» **Try it**: Every line of the listing below from the one with "Bremsscheibe X EBC" up to and including the one with "CHEVROLET Matiz 1000" should be retyped exactly, and nothing else; pictures are not part of the copy.

» **Given records**:
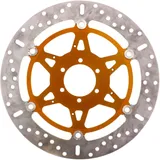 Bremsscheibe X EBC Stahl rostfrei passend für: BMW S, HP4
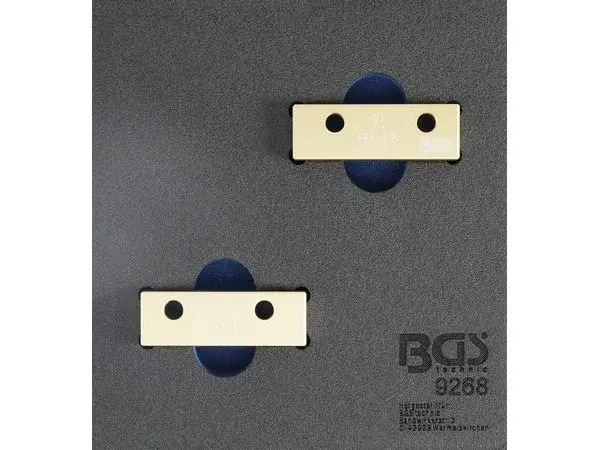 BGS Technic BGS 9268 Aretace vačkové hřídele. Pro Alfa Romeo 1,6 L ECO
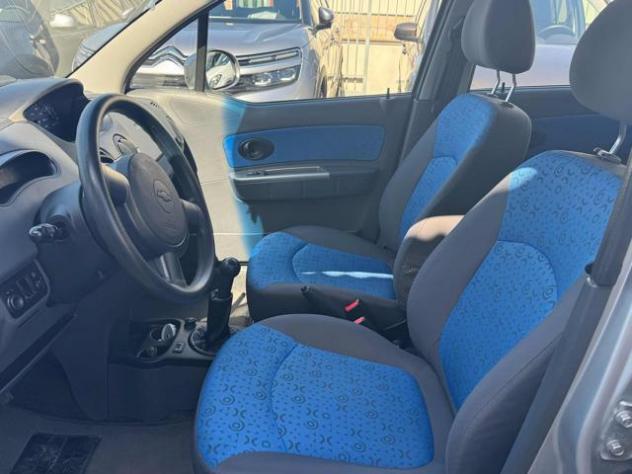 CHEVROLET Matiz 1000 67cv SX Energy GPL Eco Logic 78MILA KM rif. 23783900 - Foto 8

---

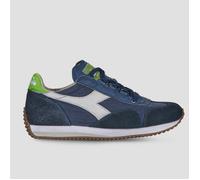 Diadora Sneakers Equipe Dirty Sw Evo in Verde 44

==

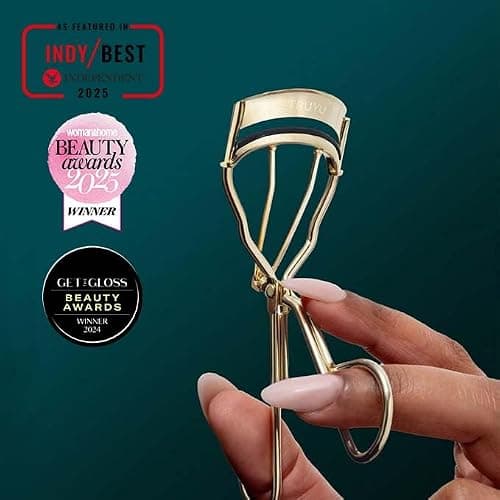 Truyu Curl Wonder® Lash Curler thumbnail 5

» **Answer space**:
 Bremsscheibe X EBC Stahl rostfrei passend für: BMW S, HP4
 BGS Technic BGS 9268 Aretace vačkové hřídele. Pro Alfa Romeo 1,6 L ECO
 CHEVROLET Matiz 1000 67cv SX Energy GPL Eco Logic 78MILA KM rif. 23783900 - Foto 8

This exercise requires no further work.